Pengelolaan limbah peternakan yang terintegrasi dengan sektor perkebunan merupakan salah satu bentuk nyata dari implementasi sistem pertanian terpadu yang ramah lingkungan. Biourine, atau urin ternak yang telah difermentasi, merupakan pupuk organik cair yang sangat kaya akan unsur hara esensial bagi pertumbuhan tanaman. Namun, dalam operasional hariannya, kelancaran aliran dalam sistem distribusi seringkali terhambat oleh penumpukan sedimen organik pada bagian filtrasi. Melalui penerapan teknik pembersihan saringan yang benar, para pengelola lahan dapat memastikan bahwa nutrisi cair tersebut dapat terdistribusi secara merata tanpa menyumbat nosel penyemprot. Upaya pemeliharaan infrastruktur ini sangat krusial dalam program instalasi biourine ternak guna mendukung misi sekolah untuk jaga keseimbangan ekosistem agar setiap komponen biologis di dalam lahan dapat saling mendukung secara sinergis. Di wilayah lahan Agro Kebun, pemanfaatan limbah cair ini telah terbukti mampu mengurangi penggunaan pupuk kimia hingga lebih dari empat puluh persen per musim tanam.

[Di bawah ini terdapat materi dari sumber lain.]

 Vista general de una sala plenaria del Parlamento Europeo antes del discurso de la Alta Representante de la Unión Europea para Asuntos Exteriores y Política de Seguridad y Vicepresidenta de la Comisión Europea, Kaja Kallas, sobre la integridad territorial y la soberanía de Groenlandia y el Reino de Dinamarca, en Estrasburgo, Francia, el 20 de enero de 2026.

Proses pembersihan saringan biourine sebaiknya dilakukan secara berkala, minimal satu minggu sekali atau saat debit aliran mulai terlihat mengecil. Langkah pertama yang harus dilakukan adalah mematikan katup utama dari tangki fermentasi untuk mencegah terjadinya tumpahan cairan yang belum tersaring. Saringan biasanya terdiri dari beberapa lapis mesh atau kasa dengan kerapatan yang berbeda-beda untuk menangkap kotoran mulai dari yang kasar hingga yang sangat halus. Petani diajarkan untuk melepas bagian saringan dengan hati-hati dan membersihkannya menggunakan air mengalir yang kuat serta sikat nilon lembut agar tidak merusak struktur jaring saringan tersebut.
Penumpukan kerak pada saringan seringkali disebabkan oleh proses fermentasi yang belum sempurna atau adanya kontaminasi bahan padat yang ikut terbawa dari kandang. Oleh karena itu, teknik pembersihan ini juga mencakup pengecekan pada bagian bak penampung awal (inlet). Dengan memastikan saringan tetap bersih, kualitas biourine yang diaplikasikan ke tanaman akan tetap terjaga konsistensinya. Agro Kebun menekankan bahwa penyumbatan yang dibiarkan terlalu lama tidak hanya merusak pompa distribusi, tetapi juga dapat menyebabkan pertumbuhan bakteri anaerob yang merugikan di dalam pipa karena adanya aliran yang mandek (stagnan).
Selain aspek teknis, penggunaan biourine yang bersih dari sedimen kasar juga memudahkan dalam pencampuran dengan agen hayati lainnya. Biourine yang sudah jernih dapat dengan mudah dilarutkan dalam tangki semprot otomatis tanpa risiko merusak mesin.